J.Kid : Je suis compositeur/arrangeur, j’ai commencé la musique via la guitare et la MAO sur le logiciel ACID chez Spock, le Grand Gourou de Jayfly, au début des années 2000 et me voilà aujourd’hui être un tiers de UNNO. Au sein du groupe je suis celui qui fonctionne en binaire : « ça déchire/c’est nul » !
Le taux sympathie de UNNO se mesure ainsi entre l’ironie et l’insolence. Le second degré est de mise et vient dénicher ce qu’il sont vraiment : une bande de potes. Mais tout de même, si toutes les bandes de potes faisaient de leurs délires un EP comme le leur, le monde musical s’en retrouverait forcément éblouie. Ce n’est pas le cas. Du moins, pas constamment. Cette rareté a tout de même un avantage : elle permet de ne baigner dans la complaisance et d’être plus juste et objectif dans notre jugement. Comparer UNNO à James Blake et Metronomy ? Non, c’est trop facile. Nous comparons tout à James Blake et Metronomy quand nous entendons le dubstep, le folk et la pop faire l’amour. Un ménage à trois, threesome. UNNO ressemble à UNNO, et c’est déjà pas mal.
Awir Léon : On essaye d’être le plus sincère possible dans notre musique. On ne pose pas trop de questions, mais c’est intéressant si les gens entendent des correspondances entre nos différents projets, si ça devient un puzzle où on reconnaît certaines pièces !
J.Kid : On a tous les trois autant d’influences communes que d’influences différentes et on s’influence aussi beaucoup l’un l’autre. C’est donc difficile après coup, même pour nous, de savoir qui a fait quoi. Du coup le mieux serait d’écrire un papier sur UNNO et de répondre à cette question pour nous. Toutes les réponses seront bonnes.

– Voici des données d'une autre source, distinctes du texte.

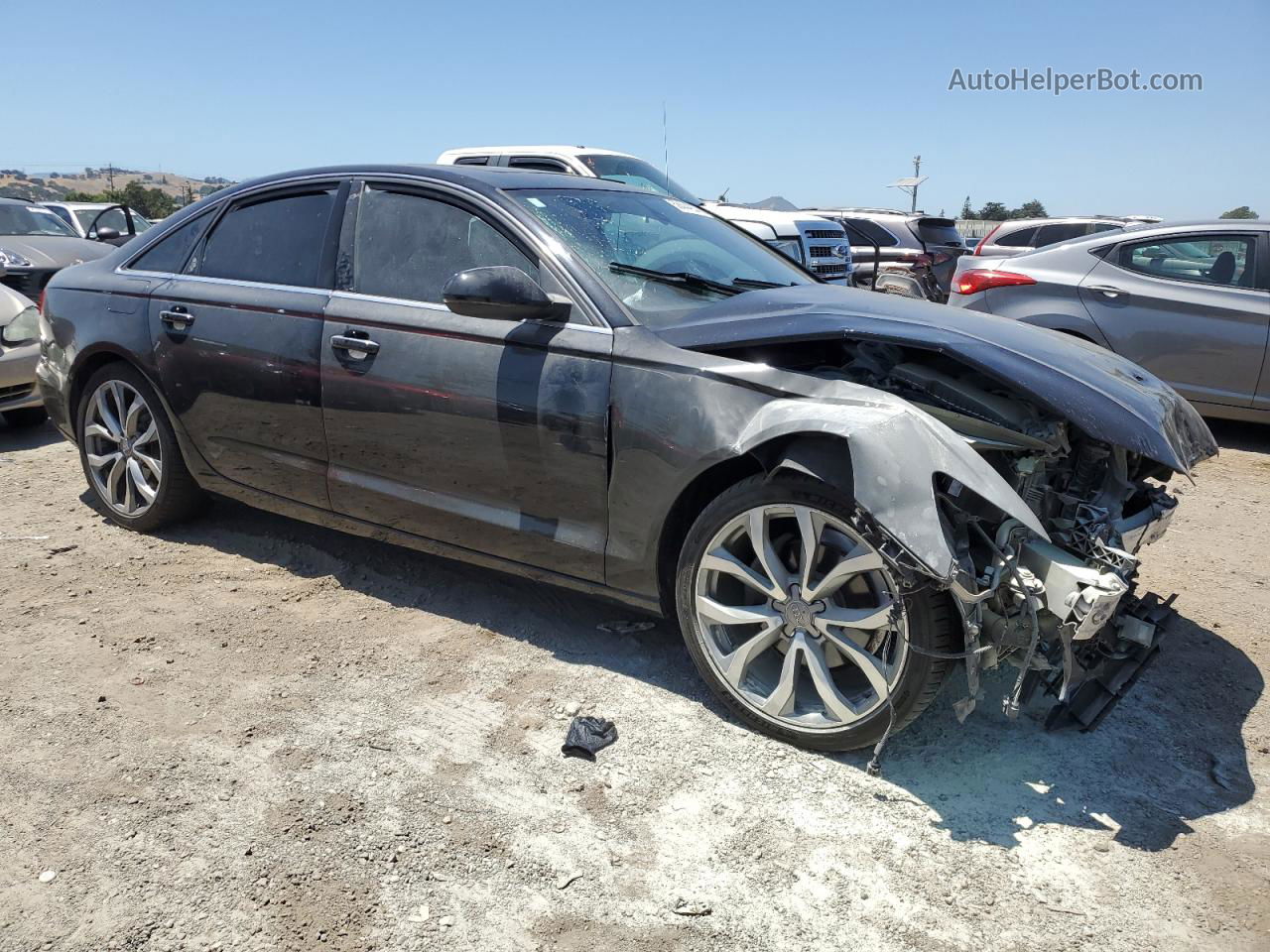 2013 Audi A6 Premium Plus Black vin: WAUGFAFC4DN128221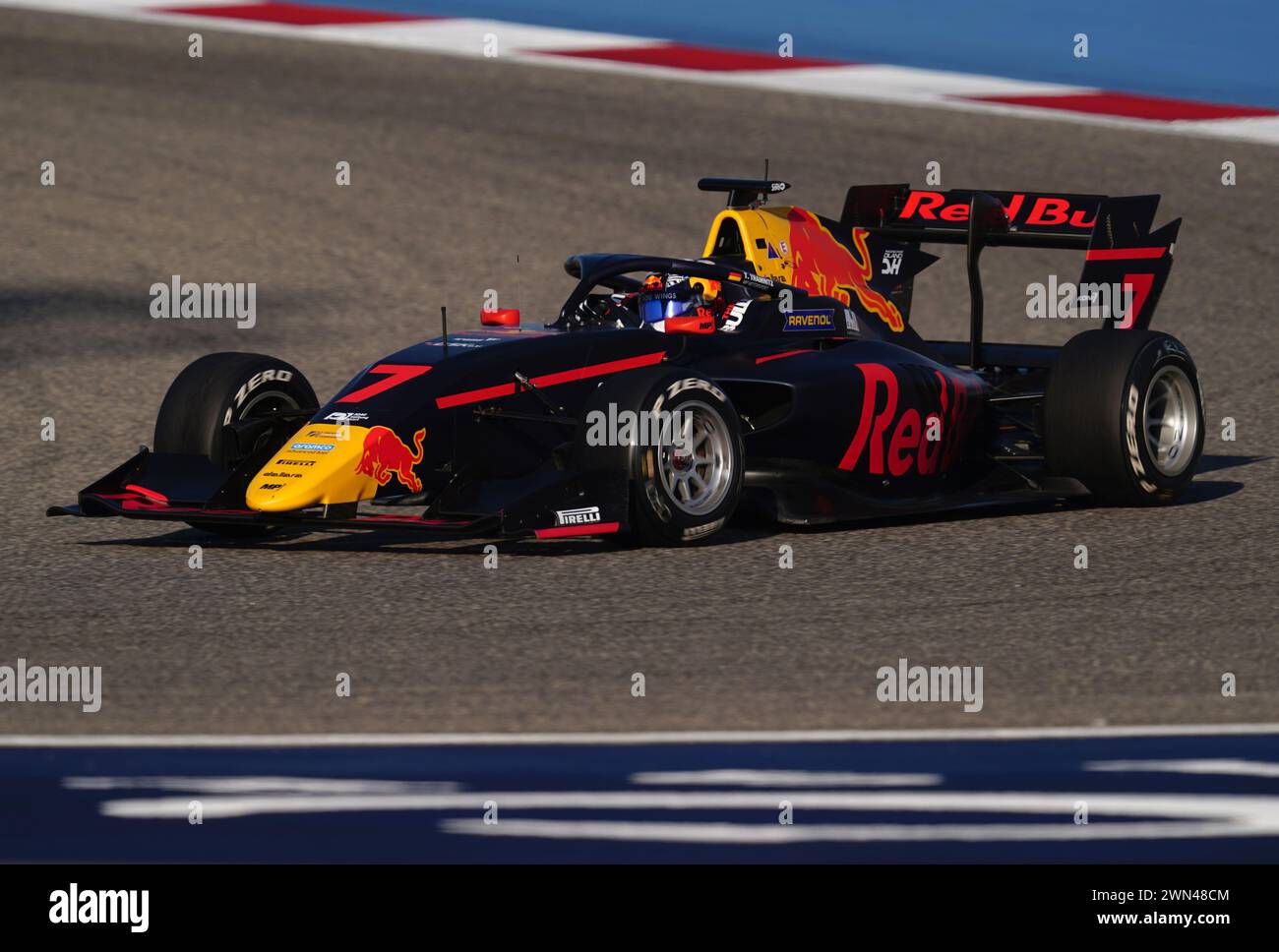Tim Tramnitz di MP Motorsport durante le qualifiche di Formula 3 al circuito Internazionale del Bahrain, Sakhir. Data foto: Giovedì 29 febbraio 2024. Foto Stock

Tismé : Mais peut-être, c’est vrai qu’à nous trois, notre pâte est plus feuilletée. Ce coco d’Awir Léon s’oriente plus vers une pâte brisée.
Outre leur musique pleine de surprise, l’autre intelligence de UNNO est son esthétique. Une esthétique sonore, certes, mais aussi visuelle et transposée superbement par Julien Capelle sur le clip de « Walls ». Esprit rocambolesque, poésie boisée et folie mystique, voici les adjectifs traduisant l’humeur de la vidéo. C’était début mai 2016, suivant la sortie de l’EP début avril. Puis fin 2016, UNNO revient avec le monochrome rouge du single « Sirens », toujours chez leur maison parisienne Nowadays Records. Une légère évolution dans le son, peut-être moins infantile et intensément surprenante, au milieu des trois confluents, des trois hommes, des trois amis. Un estuaire comme repère, l’amitié comme boussole. La fratrie, la communion, le croisement… Bref, je m’égosille l’esprit. Ecoutez et vous comprendrez.